Its been allot of years but some spots never change. I killed ducks when we had snow on the ground and everything was frozen except the very center of the lake with a blue tarp laid out on the snow and decoys laid out on the tarp. You and your dog will have allot of great times.


----------



## ji0187 (Jun 9, 2017)

I hunt Kansas every year. Plenty of great public opportunities. Also, there are lots of farmers that will let you walk on if you go ask. Good luck


----------



## king killer delete (Jun 9, 2017)

ji0187 said:


> I hunt Kansas every year. Plenty of great public opportunities. Also, there are lots of farmers that will let you walk on if you go ask. Good luck


Where in Kansas do you hunt?


----------



## ji0187 (Jun 9, 2017)

Northeast area, mostly Nemaha, Pottawatomie and Doniphan counties.


----------



## maconbacon (Jun 11, 2017)

Thanks. 

Gettin getting real now, moving up there next week. And only 3 months till early teal


----------



## king killer delete (Jun 14, 2017)

maconbacon said:


> Thanks.
> 
> Gettin getting real now, moving up there next week. And only 3 months till early teal



You will kill allot of ducks but wood ducks will be rare.


----------



## king killer delete (Jun 14, 2017)

Do you hunt out of a boat? Chipping ice to put a drain plug in when every thing is froze up aint no fun. Also make sure you drain your motor well.


----------



## maconbacon (Jun 16, 2017)

Yeah not many woodies but I know there are a few places in MO that get them. It's ok, I've still got plenty in the freezer. 

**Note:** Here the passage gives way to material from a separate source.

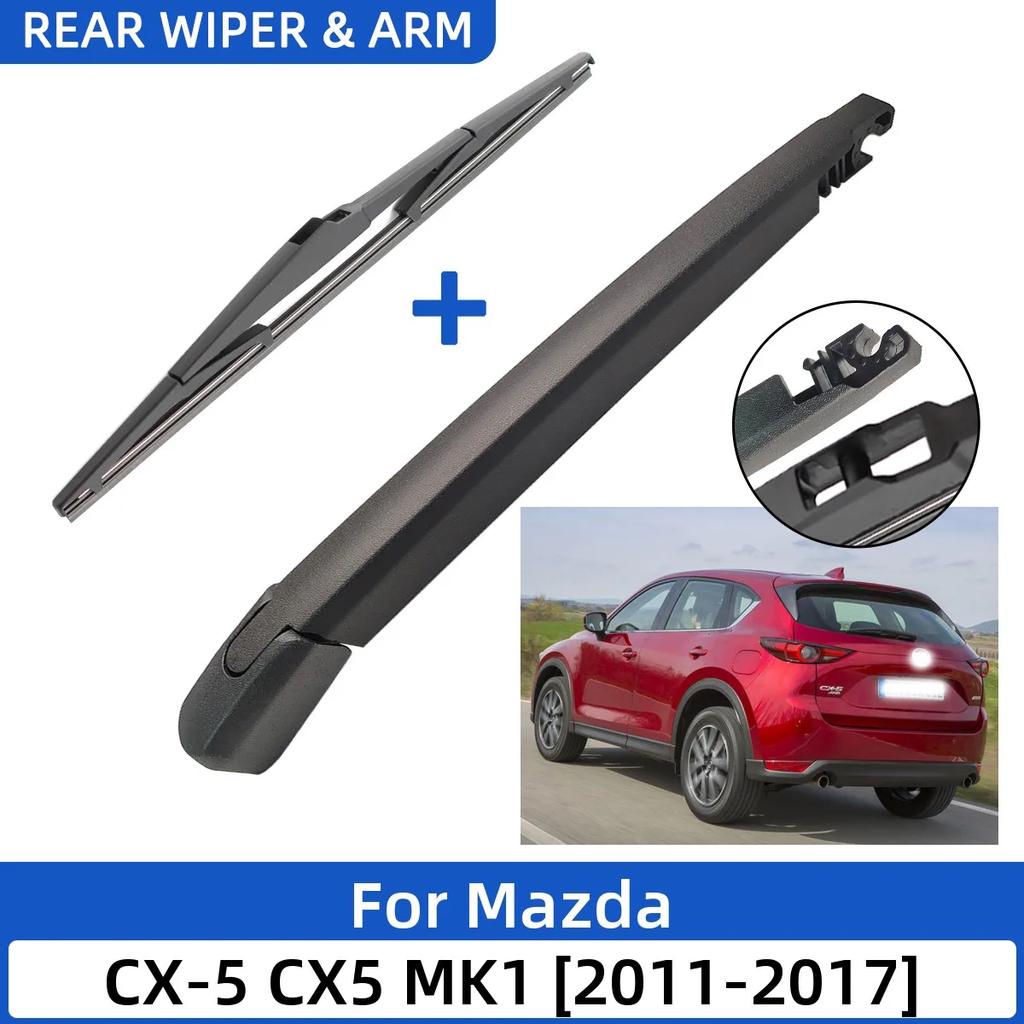 2PCS Car Rear Wiper Blade and Arm Fit for Mazda CX-5 CX5 MK1 2011-2017 Car Rear Window Windshield Wiper Blade Arm Set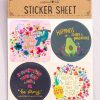 Home Lazy Suricata Stickers | Sticker Sheet Dont Hurry Be Happy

No boat, sold it before moving from GA and picked up a side by side to get into fields and some of the wetlands around. Should be fun!


----------



## king killer delete (Jun 17, 2017)

I lived in Manhattan for 3 years when I was stationed at Fort Riley back in the early seventies.  Some of the locals had never seen a wood duck. I killed some when I was on leave in Mississippi and I put them in a ice chest and took them back to my land lord who was a big duck hunter and had lived in Kansas. He had never seen one except in a book. He actually had a drake mounted for his hunting and fishing shop.


----------



## king killer delete (Jun 17, 2017)

maconbacon said:


> Yeah not many woodies but I know there are a few places in MO that get them. It's ok, I've still got plenty in the freezer.
> 
> No boat, sold it before moving from GA and picked up a side by side to get into fields and some of the wetlands around. Should be fun!



I dont know how it is  nowadays but back when I lived there if you had a couple of dozen mallard decoys and a pair of chest waders you were a big duck hunter. I  had a home made plywood jon boat that got me to the deep water and with no dog I used a fishing rod to get my ducks.


----------